Book Digest: Hope is Not a Strategy

In Hope is Not a Strategy, Rick Page argues that complex sales require a strategy that goes beyond a well-structured sales call to include efforts to influence the buying company, the individuals making the decision, and the process by which they will make the decision. Only through a keen awareness of all three of these elements can sellers maximize their odds of success and avoid wasting resources on hopeless causes.

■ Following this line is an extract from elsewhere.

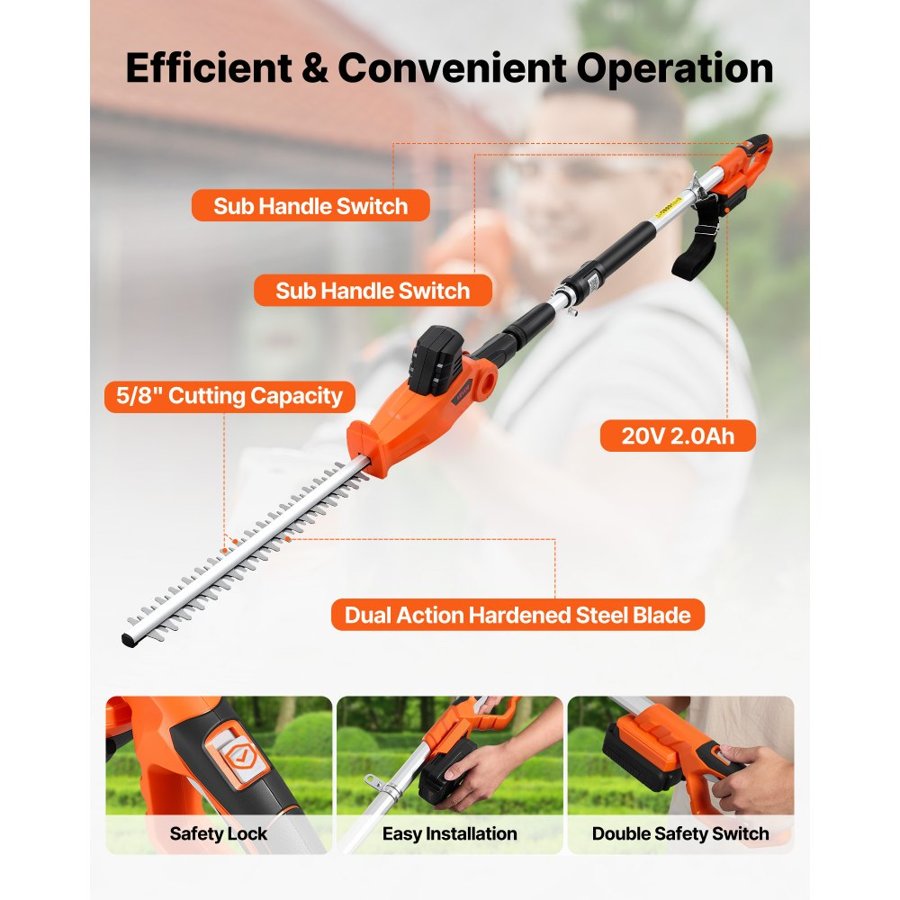 VEVOR Cordless Pole Hedge Trimmer, 20V Electric Bush Trimmer Kit with 457.2 mm Double-Edged Steel Blade, 187.5-238.5 cm Telescoping Design for High Branches (2.0Ah Battery and Fast Charger Included)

Page’s approach includes techniques for influencing the factors the buyer will consider and for shaping each stage of the buying process by empowering and persuading the right individuals at the buying company.

Introduction

  • Book incorporates insights from consultative, political, and team selling
  • Focus is strategies for team selling to companies that will engage in competitive evaluations

Section 1: The Challenge – The Complex Sale

1. Out of Control

  • The sales landscape is changing quickly
    • Product commodification: Competitors quickly catch up to technology leaders
    • Disintermediation: Middlemen are being cut out as buyers seek better value
    • E-commerce: Internet is eliminating many salespeople and changing others
    • Customer relationship management: CRM isn’t a solution, it needs to be paired with an intelligent process
    • Business partnering: Teaming with other firms to provide a solution or teaming with the client to solve a problem
  • Sales processes often end up out of control, with the salesperson having no idea what is going on
  • It’s to the customer’s advantage to keep you in the dark. They want at least three vendors in every process because:
    • Due diligence: shows they’ve explored the options
    • Price leverage: let’s them play vendors off against each other
    • Safety net: gives them somewhere to go if the preferred vendor falls through
    • Lack of knowledge: they gain information from each sales process
    • Lack of courage to tell you you’re losing
  • Don’t get into the out of control situation in the first place; it’s very hard to fix it once you’re there
  • You need a system that tells you if you’re winning early on and, if not, guides you to make strategic changes early enough to matter

2. What Makes Today’s Complex Sale Complex?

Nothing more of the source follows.